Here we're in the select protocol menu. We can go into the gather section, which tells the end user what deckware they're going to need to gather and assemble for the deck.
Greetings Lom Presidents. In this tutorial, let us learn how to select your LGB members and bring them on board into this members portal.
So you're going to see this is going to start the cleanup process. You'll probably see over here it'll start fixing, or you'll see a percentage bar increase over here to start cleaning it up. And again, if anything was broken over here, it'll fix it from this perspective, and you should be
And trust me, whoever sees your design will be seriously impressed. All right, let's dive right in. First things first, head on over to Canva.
==
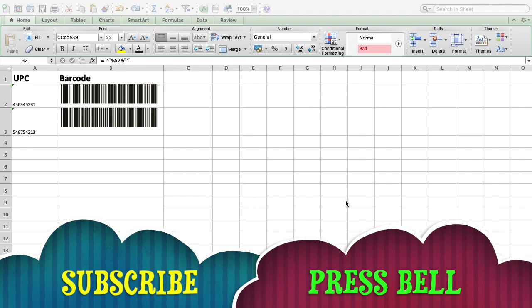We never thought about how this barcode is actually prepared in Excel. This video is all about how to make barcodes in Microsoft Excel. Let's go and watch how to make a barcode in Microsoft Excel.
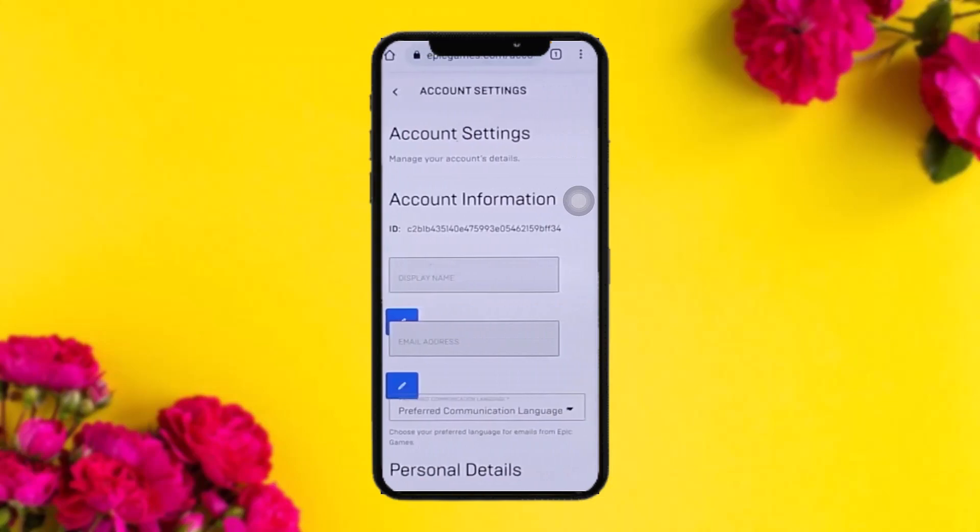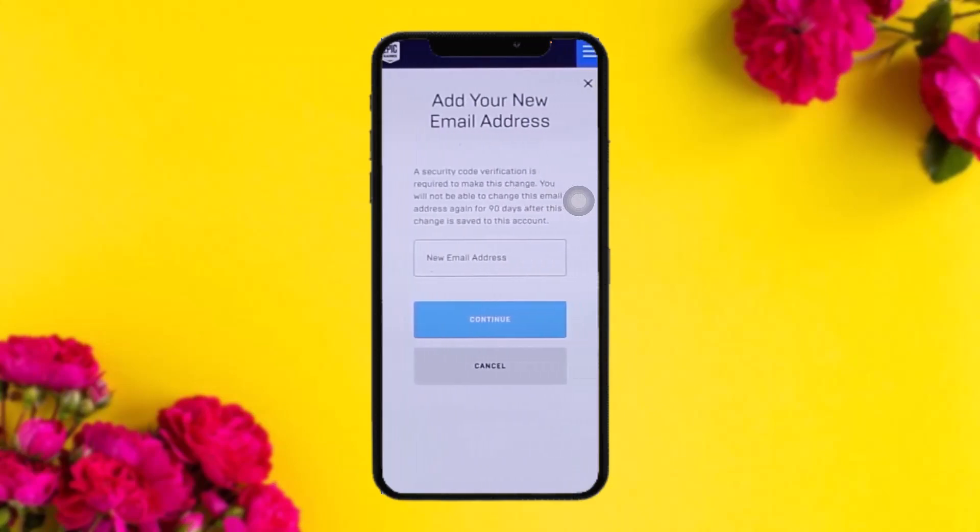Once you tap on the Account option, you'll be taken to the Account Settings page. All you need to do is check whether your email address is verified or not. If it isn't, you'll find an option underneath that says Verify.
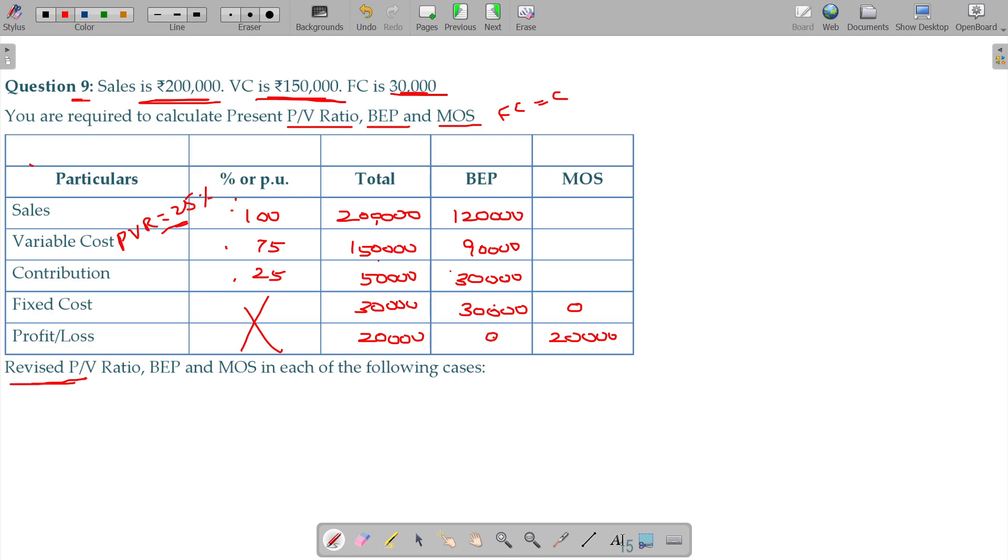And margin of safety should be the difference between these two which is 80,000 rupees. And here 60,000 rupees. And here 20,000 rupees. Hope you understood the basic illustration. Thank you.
...
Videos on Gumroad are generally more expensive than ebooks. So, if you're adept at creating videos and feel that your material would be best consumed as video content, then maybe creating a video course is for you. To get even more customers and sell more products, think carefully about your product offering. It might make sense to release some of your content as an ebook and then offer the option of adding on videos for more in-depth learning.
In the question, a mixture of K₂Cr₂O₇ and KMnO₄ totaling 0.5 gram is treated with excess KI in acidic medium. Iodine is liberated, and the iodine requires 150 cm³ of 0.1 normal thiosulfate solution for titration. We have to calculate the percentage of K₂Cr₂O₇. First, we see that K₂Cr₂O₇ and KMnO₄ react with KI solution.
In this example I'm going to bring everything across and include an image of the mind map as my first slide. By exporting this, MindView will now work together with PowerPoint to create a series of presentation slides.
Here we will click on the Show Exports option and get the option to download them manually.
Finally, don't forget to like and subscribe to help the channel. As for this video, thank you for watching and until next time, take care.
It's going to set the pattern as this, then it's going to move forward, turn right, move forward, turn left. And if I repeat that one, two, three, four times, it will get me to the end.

> _EXERCISE PROMPT_
What belongs in the answer is each line above from the line with "Once you tap" to the line with "And margin of", inclusive, reproduced exactly and free of pictures.

> _RESPONSE TO THIS TASK_
Once you tap on the Account option, you'll be taken to the Account Settings page. All you need to do is check whether your email address is verified or not. If it isn't, you'll find an option underneath that says Verify.
And margin of safety should be the difference between these two which is 80,000 rupees. And here 60,000 rupees. And here 20,000 rupees. Hope you understood the basic illustration. Thank you.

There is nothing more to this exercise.